I was not aware of this, so thanks for bringing it up.
It's a pretty amazing technical feat that this works at all, but I have a hard time imagining this would work well in practice for changes to anything other than maybe method bodies and templates though. Java's style of object orientation generally means there's plenty of tight-coupling between application state and operations on the application state, which would probably make life very difficult for any hot-reload implementation.
But regardless, it does exist and apparently works well for a lot of people. It looks like I was just ignorant when it comes to native tooling.
I've done similar with inotify (dnotify before that) and Python now for over a decade, and it is an interface than can automate anything. I use it with doc generators also.
I believe I used something similar called fam in the 90's but that may have only been on SGI.
Filesystem watching is only part of the equation though. Live reload has been available for the web and various other platforms for a long time, but the traditional approach to live reloading does not preserve application state.
These new hot reload implementation allows your app to be reloaded with your new changes without affecting the state of the application, and is not practical unless your application has been developed with a focus on functional techniques and careful management of application state.
This probably doesn't sound like a significant difference, but in practice, it is a huge boost to productivity, especially in a non-trivial app where reloading the entire app and then reproducing the app state manually with every file change can become quite tedious.

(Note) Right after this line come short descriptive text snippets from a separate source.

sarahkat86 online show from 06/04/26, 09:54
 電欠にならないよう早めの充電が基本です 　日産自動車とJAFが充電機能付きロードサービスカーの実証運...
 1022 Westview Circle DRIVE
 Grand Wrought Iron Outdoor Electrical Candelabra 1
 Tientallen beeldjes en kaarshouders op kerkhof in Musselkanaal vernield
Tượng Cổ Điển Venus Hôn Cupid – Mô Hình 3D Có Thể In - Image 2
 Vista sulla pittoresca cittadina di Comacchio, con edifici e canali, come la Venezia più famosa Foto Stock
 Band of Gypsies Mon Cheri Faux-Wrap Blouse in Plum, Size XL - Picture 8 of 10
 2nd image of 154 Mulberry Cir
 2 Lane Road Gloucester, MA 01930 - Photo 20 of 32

That's why Common Lisp / CLOS has functionality like
* CHANGE-CLASS (change the class of an object to a different class),
* update-instance-for-different-class (updating the object after a class change, one can provide methods which will be lazily called when needed),
* update-instance-for-redefined-class (updating the object after redefining a class, one can provide methods which will be lazily called when needed),
* LOAD (load source or machine code),
* EVAL (eval expressions)
* COMPILE (compile code in memory to memory), ...
One then always develops with a live application. Classes and objects can be updated in-place...
Not directly, mostly because I haven't done that much work in any language where you can do that. But I have had that kind of experience when trying to figure out what Ruby code is actually being run somewhere. I may be heading that way with C#, with the occasional overuse of dynamic and reflection.
Yes, Smalltalk and Common Lisp environments probably did offer similar experiences.
Tooling for web development has probably been heavily inspired by the tooling available for CL and Smalltalk, but I don't think it's fair to say it's still playing catch up. The tooling ecosystem for the web has long since caught up to the best native ever had to offer, and is now advancing the state of the art faster than any other tooling ecosystem out there today.
As someone with lots of native UI experience, that has to occasionally support web projects, the web is just plain clunky and playing catch up with the RAD tooling we enjoy since the mid-90 on native platforms.